**Recorded data**.
· · · · ·

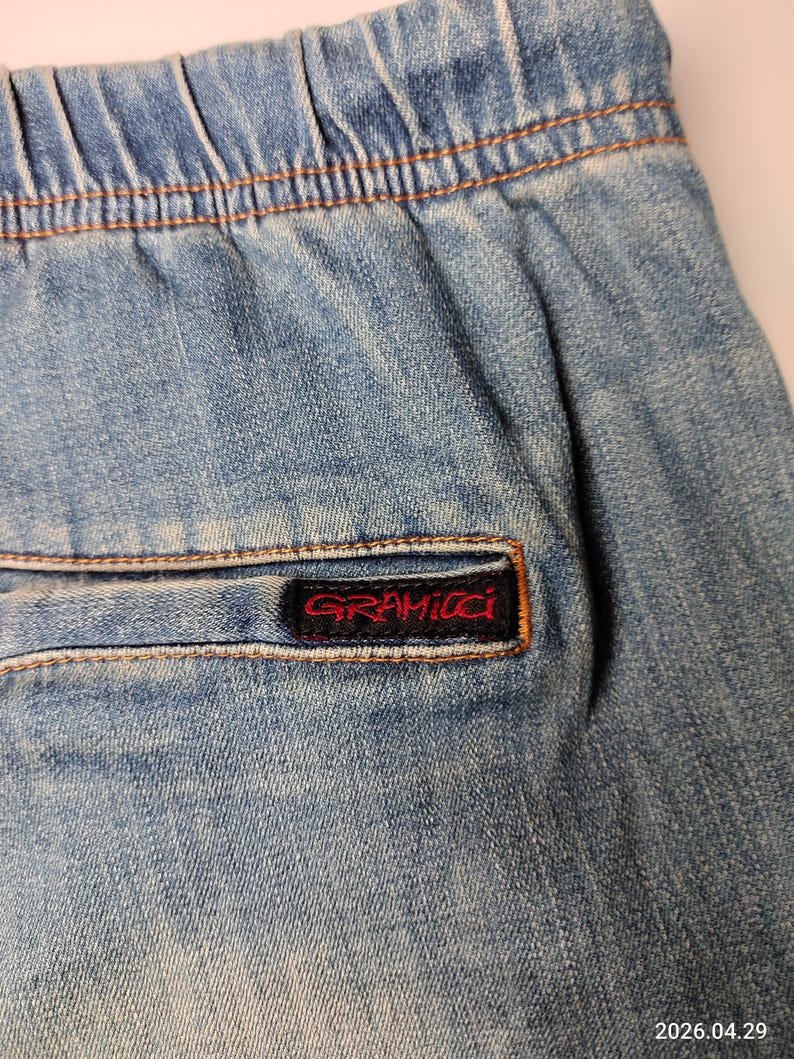 May include: Close-up of light blue denim shorts with an elasticated waistband and a back pocket. The pocket features a red and black Gramicci brand label. The shorts have visible stitching and a faded appearance.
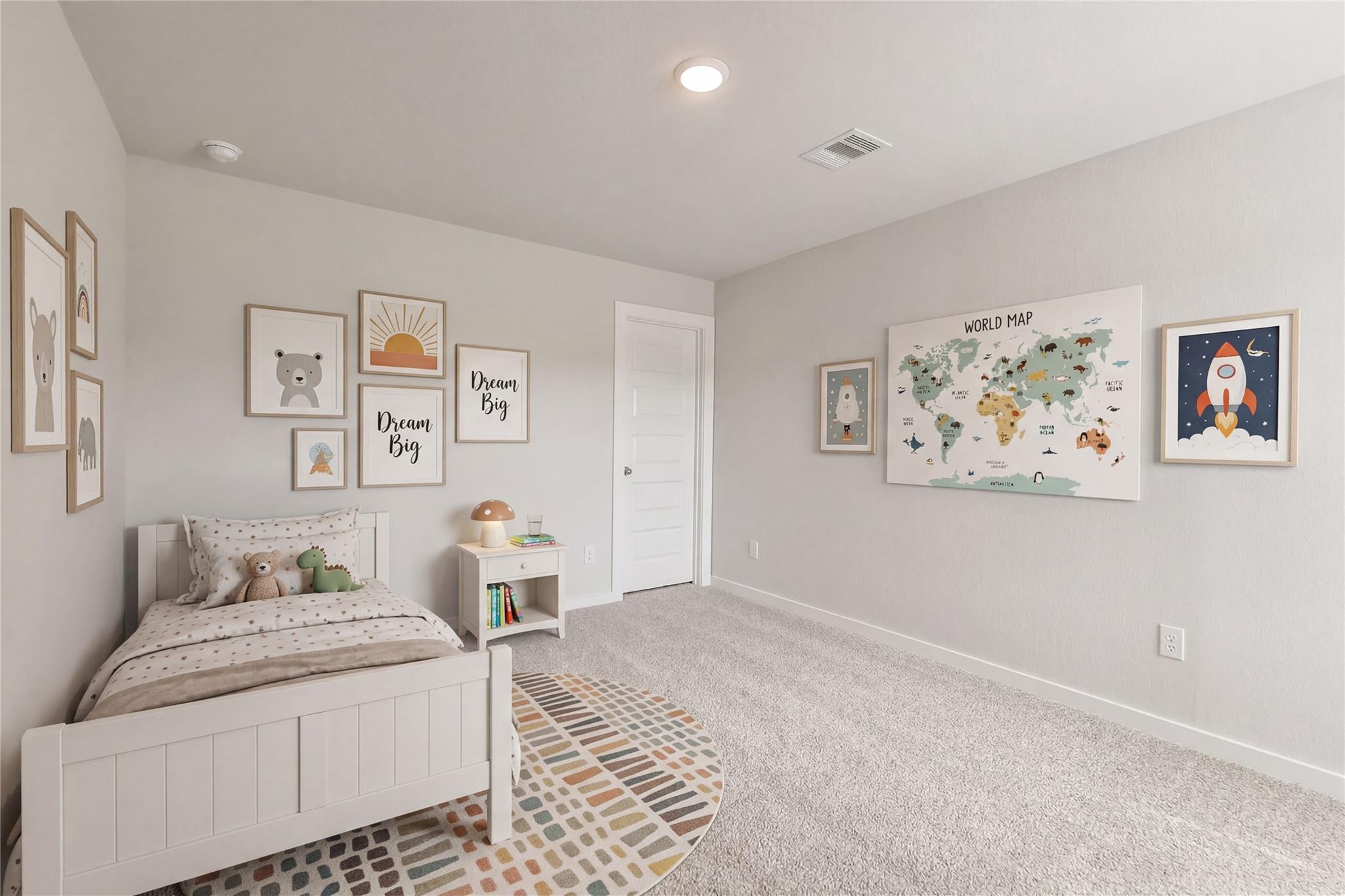 Cozy children's bedroom with white twin bed, stuffed bear and dinosaur toys, world map wall art, and patterned rug in Davidson Homes San Marcos E, Conroe TX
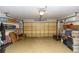 Spacious garage with ample storage space and an overhead door for easy access at 825 White Birch Ct, Orange City, FL 32763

· · · · ·

**Directions for this task**.
Reproduce every line of the data above, exactly as it stands, but not the pictures.

**Finished exercise**.
 May include: Close-up of light blue denim shorts with an elasticated waistband and a back pocket. The pocket features a red and black Gramicci brand label. The shorts have visible stitching and a faded appearance.
 Cozy children's bedroom with white twin bed, stuffed bear and dinosaur toys, world map wall art, and patterned rug in Davidson Homes San Marcos E, Conroe TX
 Spacious garage with ample storage space and an overhead door for easy access at 825 White Birch Ct, Orange City, FL 32763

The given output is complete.